▶ [Collected data]
______________________________
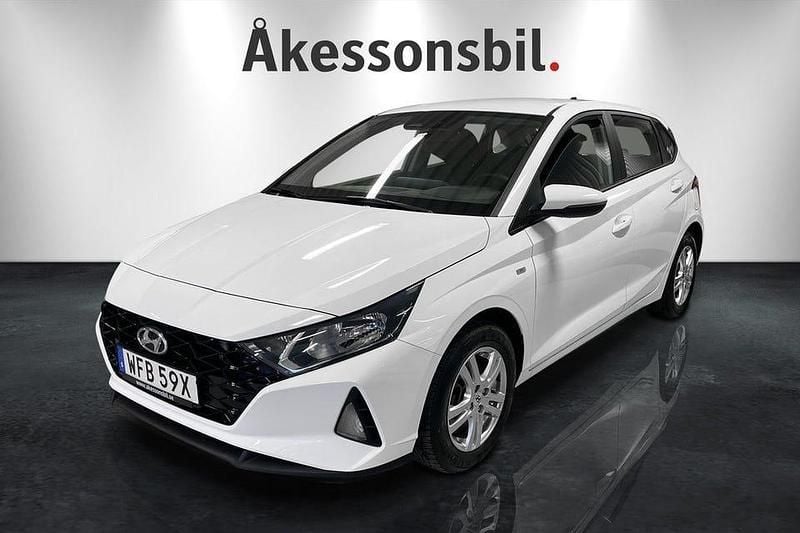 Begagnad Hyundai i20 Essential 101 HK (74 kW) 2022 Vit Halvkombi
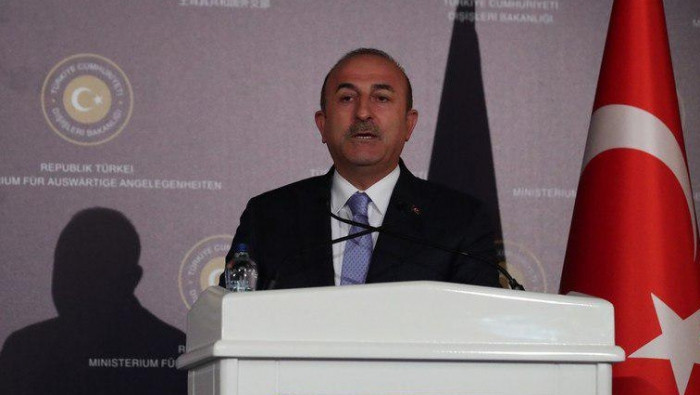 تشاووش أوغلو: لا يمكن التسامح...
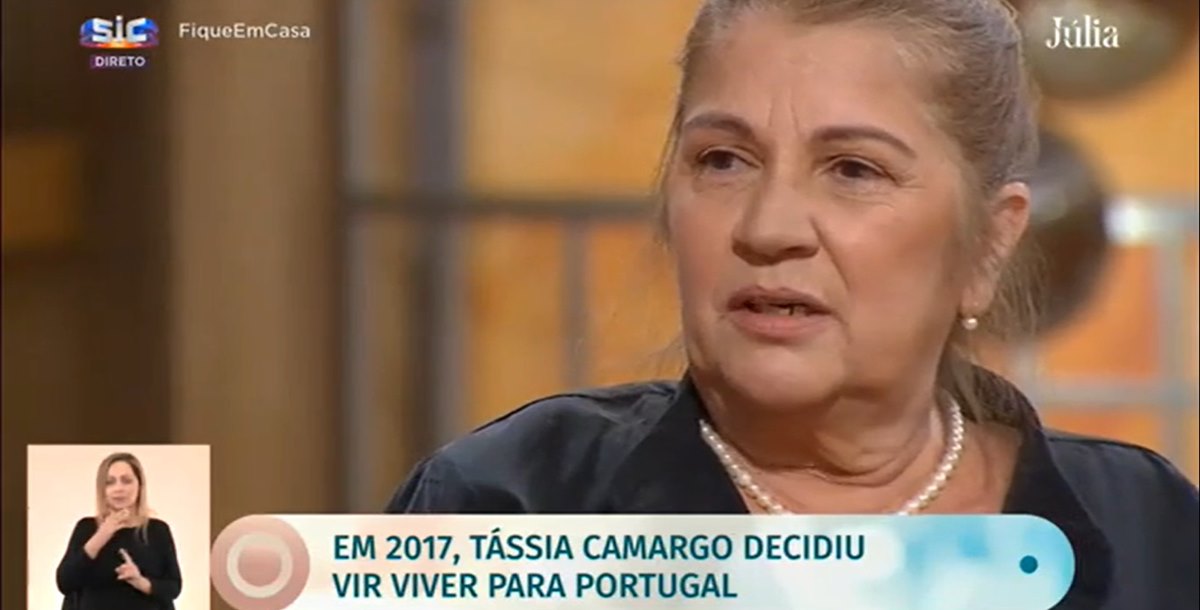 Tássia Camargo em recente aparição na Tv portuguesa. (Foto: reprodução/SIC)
______________________________
▶ [Your assignment]
Print the data above exactly; drop every picture.

▶ [Solution]
 Begagnad Hyundai i20 Essential 101 HK (74 kW) 2022 Vit Halvkombi
 تشاووش أوغلو: لا يمكن التسامح...
 Tássia Camargo em recente aparição na Tv portuguesa. (Foto: reprodução/SIC)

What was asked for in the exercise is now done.